Die Region Oriental, die sich über 82.820 km² erstreckt, macht 11,6 % des Staatsgebiets aus. Im Osten des Landes gelegen, wird sie im Norden vom Mittelmeer und im Osten von Algerien begrenzt. Ausgehend von einer exzentrischen Grenzlage der Oriental, die zu ihrem wirtschaftlichen und sozialen Rückstand gegenüber den vitalen Zentren des Landes beigetragen hat, könnten die Potenziale der Region und die neue Generation der gestarteten Großprojekte es ihr ermöglichen, das Handicap der Marginalität zu überwinden und ihre Integration in den nationalen Wirtschaftsraum zu erreichen? Das ist die Frage, die dem Geografieforscher Abdelkader Guitouni gestellt wurde, einem gebürtigen Oujdaer, der seine staatliche Doktorarbeit bei Jean François Troin verteidigte. Als Autor des Werkes „Le Nord-Est marocain : réalité et potentialités d'une région excentrée“ ist er Mitautor zahlreicher Werke und wird in Kürze ein Buch über die Lexika der Region veröffentlichen. Er erhielt 2006 den Prix du Grand Atlas.

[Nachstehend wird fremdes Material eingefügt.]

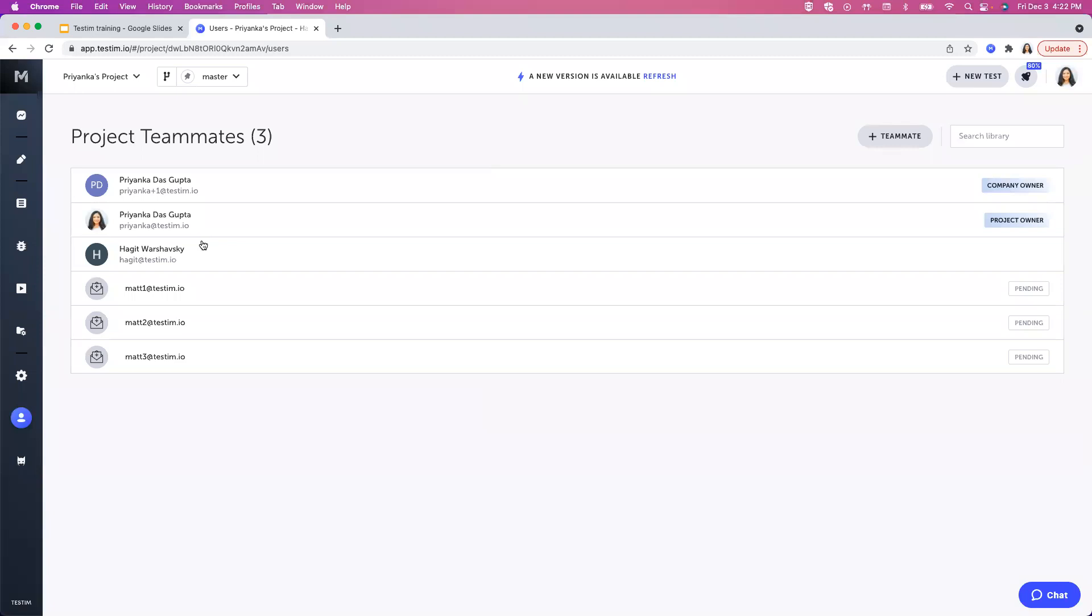Any teammate can invite other teammates to the project, but to remove a teammate from the project you have to be the project owner. A project owner can add or remove other teammates. They can also assign other users as project owners.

Le Matin: Die Entwicklungshemmnisse sind zahlreich, sagen Sie, können Sie diese vorstellen? Abdelkader Guitouni:Da ist zunächst das Gewicht der Geschichte. Nachdem sie in der Vergangenheit ein zwischen den Königreichen Fès und Tlemcen umstrittenes Niemandsland bildete und seit dem 16. Jahrhundert zwischen den scherifischen Dynastien Marokkos und den Türken von Algier, lebte die Oriental während der Kolonialzeit (1912-1956) am Rande des „nützlichen Marokkos“ und orientierte sich über die Landaneignung durch die Siedler im Westen Algeriens, die starke algerische Einwanderung und den Handelsaustausch mit Oran über den Hafen von Ghazaouet, dem Auslass der Region, nach Algerien. Mit der Entkolonialisierung befand sich die Region in einer zu weit von den vitalen Wirtschaftszentren und den nationalen Führungszentren (Casablanca und Rabat) entfernten Lage.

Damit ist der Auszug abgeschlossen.